Her medresede kütüphane var. Ayrıca müstakilen kütüphane olarak kurulan yapılar var. Camilerin içerisinde de kütüphaneler var. Türk-İslam geleneğinde cami, yerleşim biriminin merkezidir. Üç-beş ev bir araya geldiği zaman ortaya bir cami inşa edilir, şehir çevresinde kurulur. Hatta Küfenin kuruluşunu biliyorsunuz. Ortaya bir cami dikiliyor; bir ok atımı mesafeye kadar etrafında kimseye orada ev yaptırmıyorlar. Cami kapanmasın ve yerleşim onun etrafında teşekkül etsin diye…

Sosyal hayatın ağırlık merkezi caminin içerisinde.

O zamanki devlet camiden idare ediliyor; Resulullah Efendimiz (s.a.v.) örneği var mesela. Fakat çok belirgin iki müessese var. Bunlardan birisi kütüphane, diğeri mektep-medrese. Cami içerisinde doğan, orada büyüyen, orada gelişen, sonra kanatlarının altına alınan, sonra dışarıya azat edilen iki müessese… Birisi mektep, yani medrese, birisi de kütüphane.

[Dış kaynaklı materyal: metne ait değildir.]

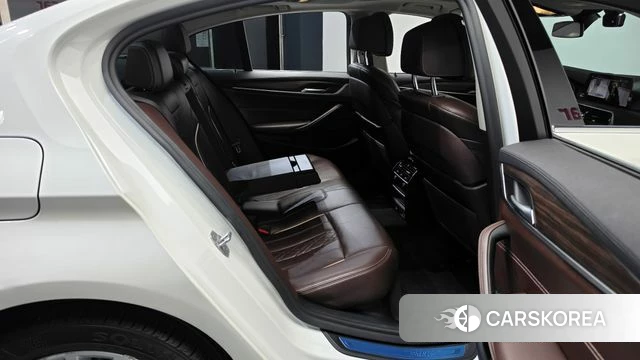 BMW 5 Series (G30) 2020 Белый из Кореи, фото 2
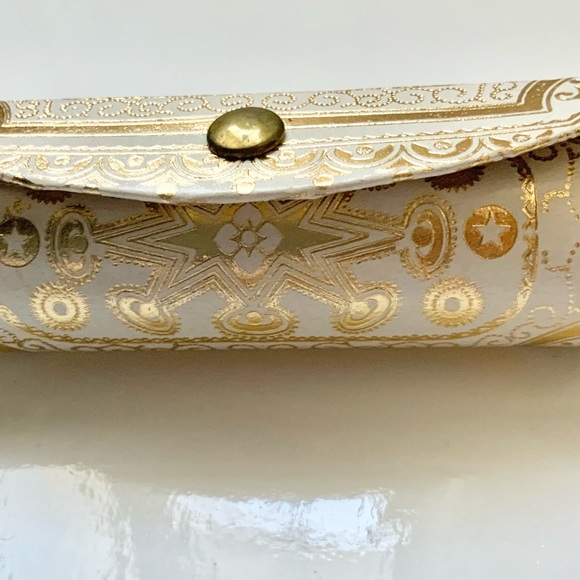 Vintage Fiocchi Italian Snap Lipstick Case w/Mirror - Picture 5 of 10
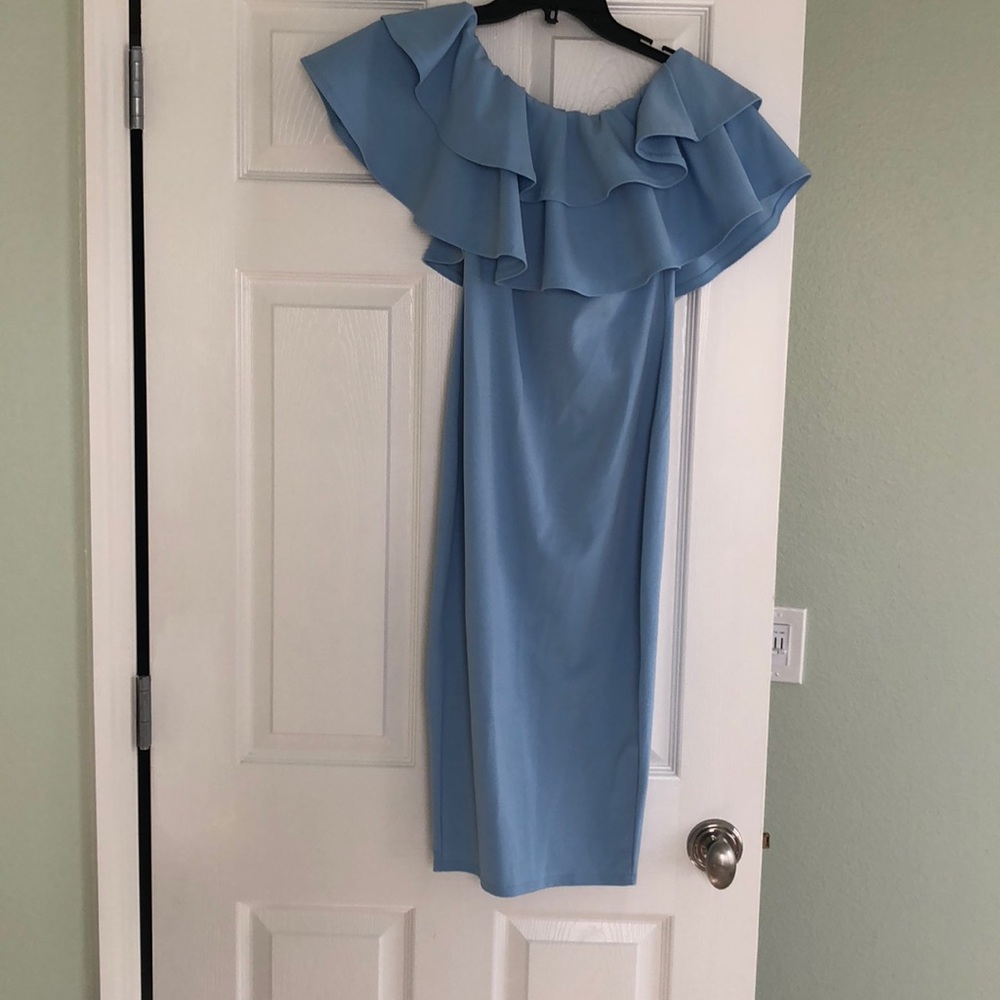 Off the shoulder ruffle midi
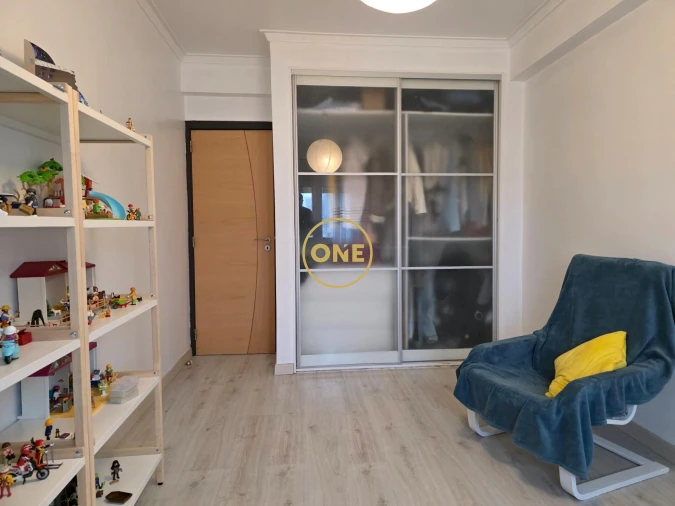 Apartamento T2 para Venda em Agualva e Mira-Sintra Foto 29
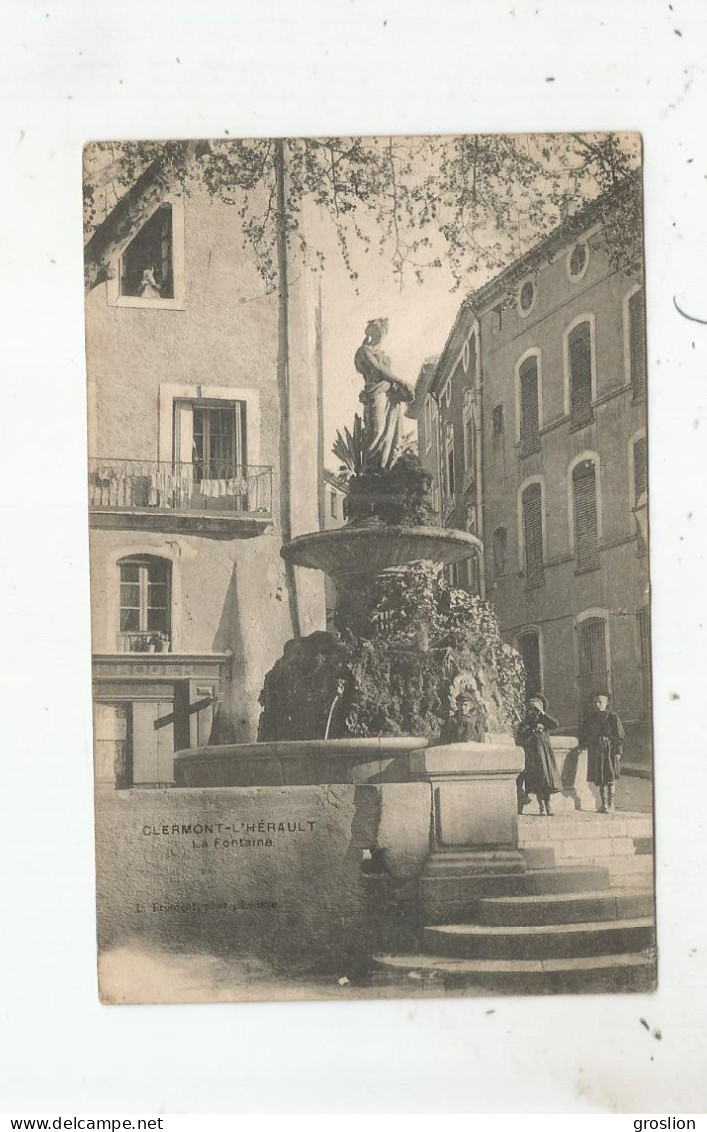 CLERMONT L'HERAULT LA FONTAINE  (MAGASIN ROGER ET PETITE ANIMATION)  1905 - Clermont L'Hérault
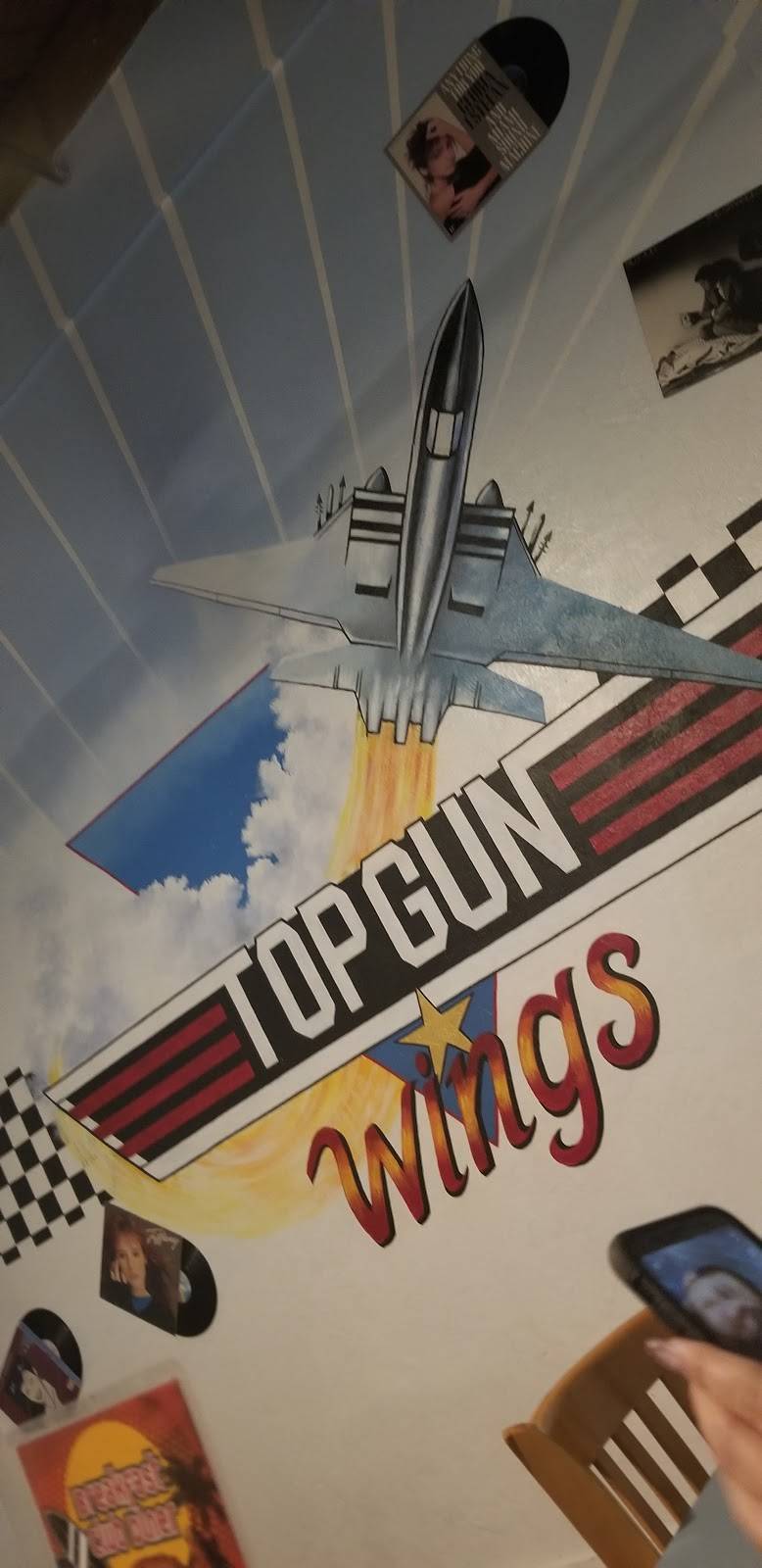 Top Gun Wings | restaurant | 505 Pier View Way, Oceanside, CA 92054, USA | 7607227341 OR +1 760-722-7341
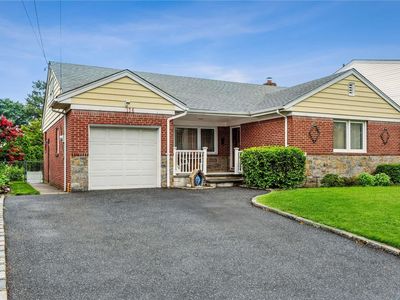 136 Hillside Boulevard, New Hyde Park, NY, 11040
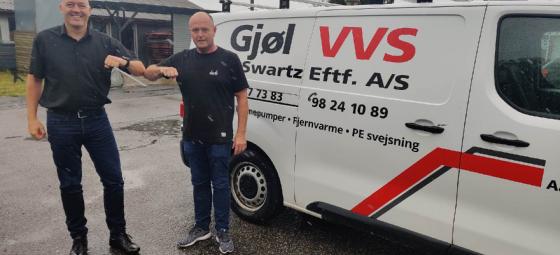 Claus Vinther (th) säljer nu sina tre företag till Bravida, företrätt av regionchefen Klaus Villefrance. Foto: Bravida. Claus Vinther (th) säljer nu sina tre företag till Bravida, företrätt av regionchefen Klaus Villefrance. Foto: Bravida.
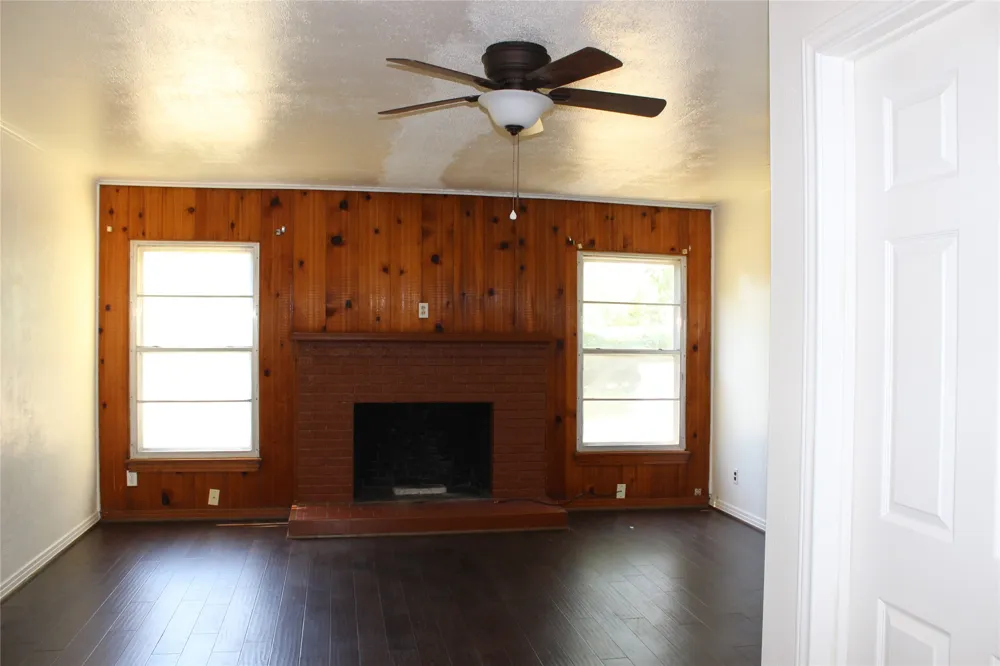 220 Broadway Road Azle, TX 76020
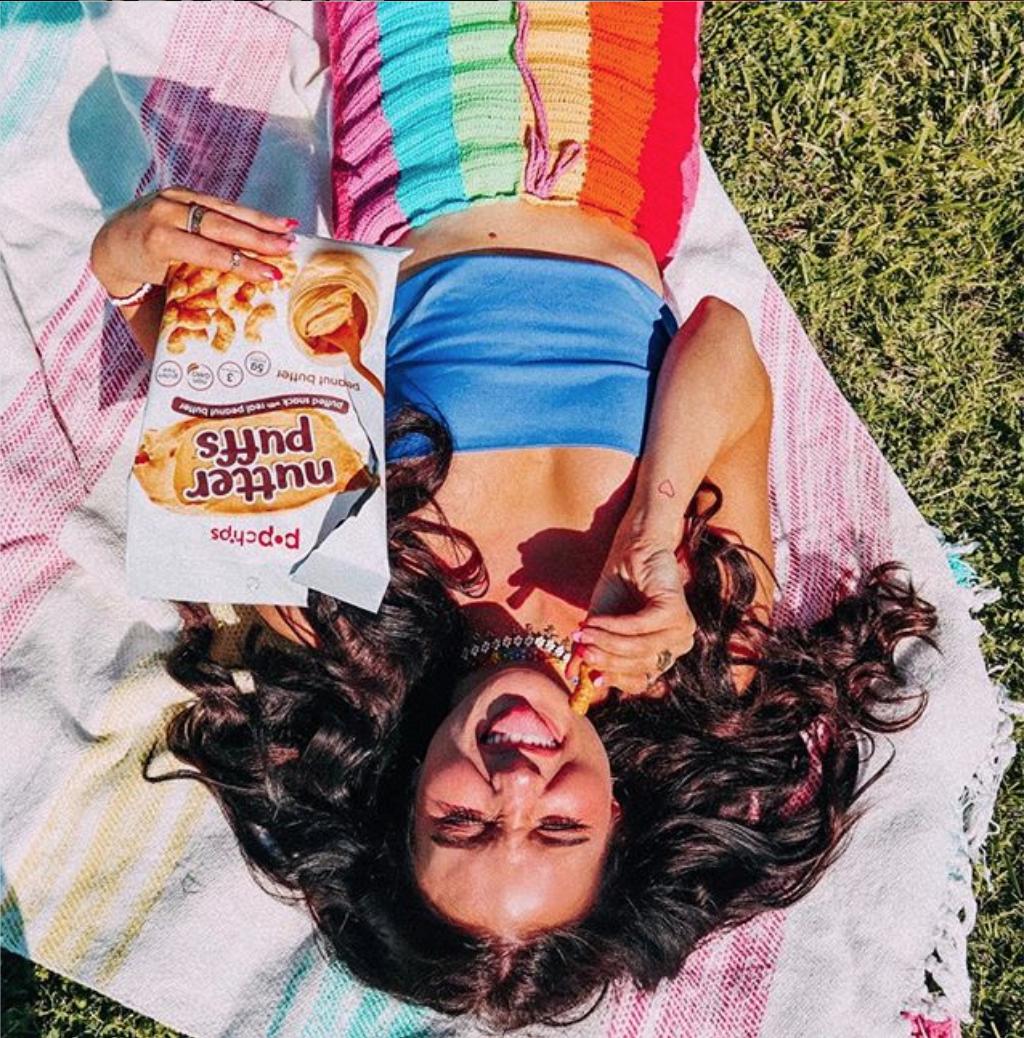 nutterpuffs's tweet photo. a snack for a snack 😉😂” - @caroline_tucker #snacklife https://t.co/STqHngAkm3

Şahsî kitaplığınız var mı hocam?

Elbette; fakat benim çok fazla kitabım yok. İşte şunlar (ziyaret ettiğimiz derneğin kendisine tahsis edilen odasında bulunan kitaplığı işaret ederek) benim kitaplarım. Bir kısmı da evde; buraya sığmıyor çünkü. Bende yazma kitap hiç yok. Biz kitabın olmadığı bir devirde büyüdük; gençliğimiz öyle geçti. Ortaokul-lisede okurken çıkan her kitabı satın alırdım; her kitabı. Hatta kalmaz diye çıkar çıkmaz satın alırdım. Bazı insanlar çıkan her kitaptan ikişer nüsha alırdı; çünkü kitap çok azdı. Kütüphanelerden istifade edebilmek de çok kolay değilmiş o dönemde…

Evet, evet. Kütüphane sayısı da çok fazla değil. Giriş- çıkış saatleri belli. Çalışanlar da şimdiki gibi değil. Despot!

Hocam, peki nasıl geldik bu duruma? Yani Süleymaniye Külliyesi’ni inşa etmiş bir medeniyetten bahsediyoruz bir yandan; öte yandan her sahada eksik olduğumuz ortaya çıkıyor…

Biz büyük sarsıntı geçirdik. Büyük sarsıntı…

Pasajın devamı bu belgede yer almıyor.